The administration has made cutting off money to terrorists one of the main prongs in its attack against Al Qaeda and other terrorist groups. It has seized tens of millions of dollars in American accounts and assets linked to terrorist groups, prodded other countries to do the same, and is now developing a program to gain access to and track potentially hundreds of millions of international bank transfers into the United States.

But experts in the field say the results have been spotty, with few clear dents in Al Qaeda's ability to move money and finance terrorist attacks. The Congressional report-- a follow-up to a 2003 report that offered a similarly bleak assessment -- buttresses those concerns.

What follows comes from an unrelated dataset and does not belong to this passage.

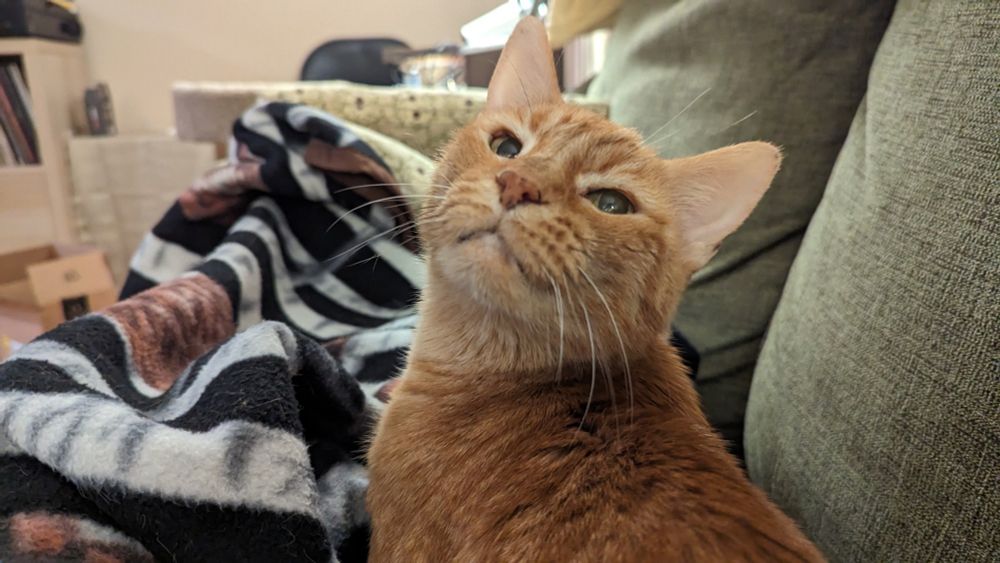 An orange cat on a blanket. She is sitting on a foreat print blanket on a green couch. Her head is inclined up and her eyes are focused on something off screen to the right. Her expression is neutral.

Senator Charles E. Grassley, the Iowa Republican who leads the Senate Finance Committee and was one of the lawmakers who requested the study, said he was disappointed to learn that in an area as critical as countering terrorist financing, ''they haven't gotten very far yet.''​

What can we conclude from this? Several things. First, neither Lichtblau, nor the GAO, nor Lichtblau's "experts" knew anything about the secret SWIFT tracking program. This renders the Times' current defense untenable.

Second, both GAO and Lichtblau were quick to criticize the government's overall anti-terrorist finance efforts when, in fact, they had information on only one minor aspect of those efforts. This is not surprising: the federal bureaucracy and the New York Times' staff both consist overwhelmingly of loyal Democrats.

Third, Lichtblau and his "experts" were ill-informed. Hambali, the most wanted terrorist in Southeast Asia and the architect of the Bali bombing, had been captured, with the aid of the SWIFT program, in August 2003. So readers who relied on the Times and Lichtblau's "experts" for information on how the administration was doing in fighting al Qaeda were misinformed.

Fourth, Lichtblau's current reporting is deeply dishonest. His statements to the effect that everyone knew about the SWIFT program are obviously false; neither he, his "experts" nor the GAO apparently were aware of it. Further, if Lichtblau were a reporter with integrity, his most recent story would have begun with an acknowledgement of his own prior, inaccurate reporting. An appropriate headline might have been: "We had it wrong: Bush administration doing great job in tracking terrorist financing." Don't hold your breath.

Finally, this episode casts light on the broader relationship between the Bush administration and the press. Here, the administration endured unjust, uninformed criticism first from the GAO, then, echoed and amplified, from the press. It must have been tempting, and surely would have been politically helpful, for the administration to leak the existence of the SWIFT program and the fact that its anti-terror financing programs have been successful--have, in fact, contributed to the capture of one of the world's most wanted terrorists. But the administration didn't do that. The administration endured unjust criticism and political damage rather than expose a program that was important to the nation's defense. How sad that Bill Keller and Eric Lichtblau didn't learn from President Bush's example.

I wonder how many similar instances there may be, where the administration has refrained from responding to liberal critics rather than compromise national security. Quite a few, I suspect.
Posted by John at 10:26 AM
 
Everybody with a brain knows why the NYT chose to publish the story about the SWIFT program, and their lame-brained attempts at trying to explain themselves just makes it all that more obvious. It's clear for anyone with eyes to see that their political hatred outshines their love of country.